### Exercise details
Under this line are the records; write out word for word the part that begins at the line containing "Baño blanco con" and ends at the line containing "Close-up of a", and no more.

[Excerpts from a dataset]
######
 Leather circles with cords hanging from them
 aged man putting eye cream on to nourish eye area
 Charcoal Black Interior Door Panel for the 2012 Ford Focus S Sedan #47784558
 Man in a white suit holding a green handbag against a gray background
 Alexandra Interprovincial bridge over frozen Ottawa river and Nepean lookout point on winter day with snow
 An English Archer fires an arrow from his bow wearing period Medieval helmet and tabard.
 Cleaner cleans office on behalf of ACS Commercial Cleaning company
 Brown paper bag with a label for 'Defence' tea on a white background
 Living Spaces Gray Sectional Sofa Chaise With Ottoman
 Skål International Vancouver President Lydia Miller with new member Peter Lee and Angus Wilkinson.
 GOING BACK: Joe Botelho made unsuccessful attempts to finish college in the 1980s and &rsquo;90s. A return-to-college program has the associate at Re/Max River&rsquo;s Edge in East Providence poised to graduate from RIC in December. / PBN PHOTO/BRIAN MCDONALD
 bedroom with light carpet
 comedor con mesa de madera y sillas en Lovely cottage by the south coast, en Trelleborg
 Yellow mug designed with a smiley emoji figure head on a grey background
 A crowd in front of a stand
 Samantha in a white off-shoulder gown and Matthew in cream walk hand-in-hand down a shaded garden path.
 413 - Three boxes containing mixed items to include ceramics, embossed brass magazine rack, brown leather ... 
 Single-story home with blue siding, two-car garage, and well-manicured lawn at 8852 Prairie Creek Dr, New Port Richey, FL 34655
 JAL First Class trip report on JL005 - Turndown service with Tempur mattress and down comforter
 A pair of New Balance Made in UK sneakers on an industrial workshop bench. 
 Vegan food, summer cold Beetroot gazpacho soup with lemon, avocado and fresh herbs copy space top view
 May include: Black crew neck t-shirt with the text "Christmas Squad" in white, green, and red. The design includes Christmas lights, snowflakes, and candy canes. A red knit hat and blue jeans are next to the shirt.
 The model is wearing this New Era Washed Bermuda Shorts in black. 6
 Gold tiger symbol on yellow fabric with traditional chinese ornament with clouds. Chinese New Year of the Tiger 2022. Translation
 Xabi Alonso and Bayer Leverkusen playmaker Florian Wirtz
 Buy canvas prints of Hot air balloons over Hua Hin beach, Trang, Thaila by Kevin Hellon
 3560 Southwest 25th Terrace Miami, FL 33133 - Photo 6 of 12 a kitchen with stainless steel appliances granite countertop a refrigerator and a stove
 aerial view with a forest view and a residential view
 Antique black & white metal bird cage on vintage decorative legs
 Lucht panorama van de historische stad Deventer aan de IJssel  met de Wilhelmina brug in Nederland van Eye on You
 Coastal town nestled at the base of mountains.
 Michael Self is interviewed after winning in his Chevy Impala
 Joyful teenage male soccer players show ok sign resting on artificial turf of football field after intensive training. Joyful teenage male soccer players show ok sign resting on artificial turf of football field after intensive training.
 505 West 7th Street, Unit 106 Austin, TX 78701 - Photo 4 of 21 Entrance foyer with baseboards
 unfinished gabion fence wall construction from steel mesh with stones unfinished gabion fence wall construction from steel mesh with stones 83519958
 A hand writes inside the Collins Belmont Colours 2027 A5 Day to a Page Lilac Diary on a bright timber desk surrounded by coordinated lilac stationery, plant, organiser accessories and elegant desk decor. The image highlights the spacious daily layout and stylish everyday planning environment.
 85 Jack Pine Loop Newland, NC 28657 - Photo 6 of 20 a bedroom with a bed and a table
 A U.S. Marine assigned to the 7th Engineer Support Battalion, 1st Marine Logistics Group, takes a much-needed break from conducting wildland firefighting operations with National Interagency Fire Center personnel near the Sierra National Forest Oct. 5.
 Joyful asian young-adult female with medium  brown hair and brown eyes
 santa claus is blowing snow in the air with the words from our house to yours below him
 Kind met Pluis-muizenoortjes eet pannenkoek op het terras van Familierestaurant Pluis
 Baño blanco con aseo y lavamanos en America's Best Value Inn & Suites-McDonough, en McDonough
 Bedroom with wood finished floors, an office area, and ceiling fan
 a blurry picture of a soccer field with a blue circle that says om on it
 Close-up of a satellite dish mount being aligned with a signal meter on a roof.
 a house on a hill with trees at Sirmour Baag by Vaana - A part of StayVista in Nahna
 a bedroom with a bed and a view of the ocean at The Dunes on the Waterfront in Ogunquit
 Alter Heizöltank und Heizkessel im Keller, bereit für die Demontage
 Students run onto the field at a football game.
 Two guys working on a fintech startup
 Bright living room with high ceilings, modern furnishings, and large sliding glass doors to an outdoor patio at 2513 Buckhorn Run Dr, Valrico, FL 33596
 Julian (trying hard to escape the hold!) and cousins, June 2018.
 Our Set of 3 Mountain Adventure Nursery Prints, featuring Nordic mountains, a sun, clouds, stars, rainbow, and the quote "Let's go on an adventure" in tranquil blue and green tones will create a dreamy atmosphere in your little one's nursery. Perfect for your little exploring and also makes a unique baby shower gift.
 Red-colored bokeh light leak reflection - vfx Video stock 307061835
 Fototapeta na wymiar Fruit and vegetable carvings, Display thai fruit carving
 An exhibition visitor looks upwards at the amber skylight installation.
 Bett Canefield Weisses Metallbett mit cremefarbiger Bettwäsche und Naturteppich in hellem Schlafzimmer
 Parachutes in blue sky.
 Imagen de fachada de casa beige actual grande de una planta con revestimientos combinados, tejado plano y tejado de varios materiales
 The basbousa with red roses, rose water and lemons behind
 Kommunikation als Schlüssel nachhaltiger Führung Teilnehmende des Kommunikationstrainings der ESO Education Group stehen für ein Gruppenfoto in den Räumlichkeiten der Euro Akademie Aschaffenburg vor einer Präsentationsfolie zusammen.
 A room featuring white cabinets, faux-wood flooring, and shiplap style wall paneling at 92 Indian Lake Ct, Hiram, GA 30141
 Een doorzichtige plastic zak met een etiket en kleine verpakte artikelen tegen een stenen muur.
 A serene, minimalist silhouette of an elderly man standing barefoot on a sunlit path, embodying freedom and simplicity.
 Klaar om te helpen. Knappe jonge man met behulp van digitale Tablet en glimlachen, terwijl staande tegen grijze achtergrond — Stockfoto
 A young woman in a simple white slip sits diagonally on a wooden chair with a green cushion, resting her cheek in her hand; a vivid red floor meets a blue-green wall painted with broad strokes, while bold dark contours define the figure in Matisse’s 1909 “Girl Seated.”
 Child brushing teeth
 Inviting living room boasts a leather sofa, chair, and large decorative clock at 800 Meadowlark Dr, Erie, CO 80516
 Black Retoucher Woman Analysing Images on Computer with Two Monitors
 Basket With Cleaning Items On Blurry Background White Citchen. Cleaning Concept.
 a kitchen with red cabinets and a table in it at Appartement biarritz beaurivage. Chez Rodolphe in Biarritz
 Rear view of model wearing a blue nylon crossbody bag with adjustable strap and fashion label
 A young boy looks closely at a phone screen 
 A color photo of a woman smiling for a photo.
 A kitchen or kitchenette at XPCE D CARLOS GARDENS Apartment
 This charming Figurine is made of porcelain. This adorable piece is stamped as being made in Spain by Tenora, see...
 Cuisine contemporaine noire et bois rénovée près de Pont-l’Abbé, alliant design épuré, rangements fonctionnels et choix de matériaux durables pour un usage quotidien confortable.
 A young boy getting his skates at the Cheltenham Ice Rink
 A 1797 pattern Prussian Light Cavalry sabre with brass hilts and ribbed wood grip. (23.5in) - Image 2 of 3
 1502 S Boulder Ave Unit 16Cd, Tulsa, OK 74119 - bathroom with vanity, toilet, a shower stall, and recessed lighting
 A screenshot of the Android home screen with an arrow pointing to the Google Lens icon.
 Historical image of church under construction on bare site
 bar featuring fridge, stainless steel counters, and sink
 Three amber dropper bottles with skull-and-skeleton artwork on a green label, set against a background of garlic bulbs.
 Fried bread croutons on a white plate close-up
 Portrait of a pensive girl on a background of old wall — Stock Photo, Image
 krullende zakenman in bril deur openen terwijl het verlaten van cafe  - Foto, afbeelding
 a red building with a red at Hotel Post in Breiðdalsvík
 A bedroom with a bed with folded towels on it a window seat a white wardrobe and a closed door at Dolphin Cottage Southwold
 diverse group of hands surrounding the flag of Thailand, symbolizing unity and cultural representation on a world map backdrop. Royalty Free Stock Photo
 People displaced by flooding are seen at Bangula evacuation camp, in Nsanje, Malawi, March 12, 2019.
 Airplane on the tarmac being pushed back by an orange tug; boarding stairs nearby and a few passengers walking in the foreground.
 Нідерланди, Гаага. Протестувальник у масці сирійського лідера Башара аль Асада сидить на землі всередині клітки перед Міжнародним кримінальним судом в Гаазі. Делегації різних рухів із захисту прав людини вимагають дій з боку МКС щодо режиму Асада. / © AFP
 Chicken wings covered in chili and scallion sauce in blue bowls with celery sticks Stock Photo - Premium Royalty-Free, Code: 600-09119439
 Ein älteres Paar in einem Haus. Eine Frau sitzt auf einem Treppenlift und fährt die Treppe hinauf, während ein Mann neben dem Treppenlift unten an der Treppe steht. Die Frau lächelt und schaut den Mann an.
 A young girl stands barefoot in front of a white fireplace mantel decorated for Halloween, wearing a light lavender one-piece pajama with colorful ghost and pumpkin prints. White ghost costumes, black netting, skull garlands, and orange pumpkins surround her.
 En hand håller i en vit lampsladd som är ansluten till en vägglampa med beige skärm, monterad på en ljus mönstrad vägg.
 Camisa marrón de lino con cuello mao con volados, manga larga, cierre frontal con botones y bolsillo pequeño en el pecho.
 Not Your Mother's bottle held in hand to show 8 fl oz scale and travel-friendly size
######
### Problem solution
 Baño blanco con aseo y lavamanos en America's Best Value Inn & Suites-McDonough, en McDonough
 Bedroom with wood finished floors, an office area, and ceiling fan
 a blurry picture of a soccer field with a blue circle that says om on it
 Close-up of a satellite dish mount being aligned with a signal meter on a roof.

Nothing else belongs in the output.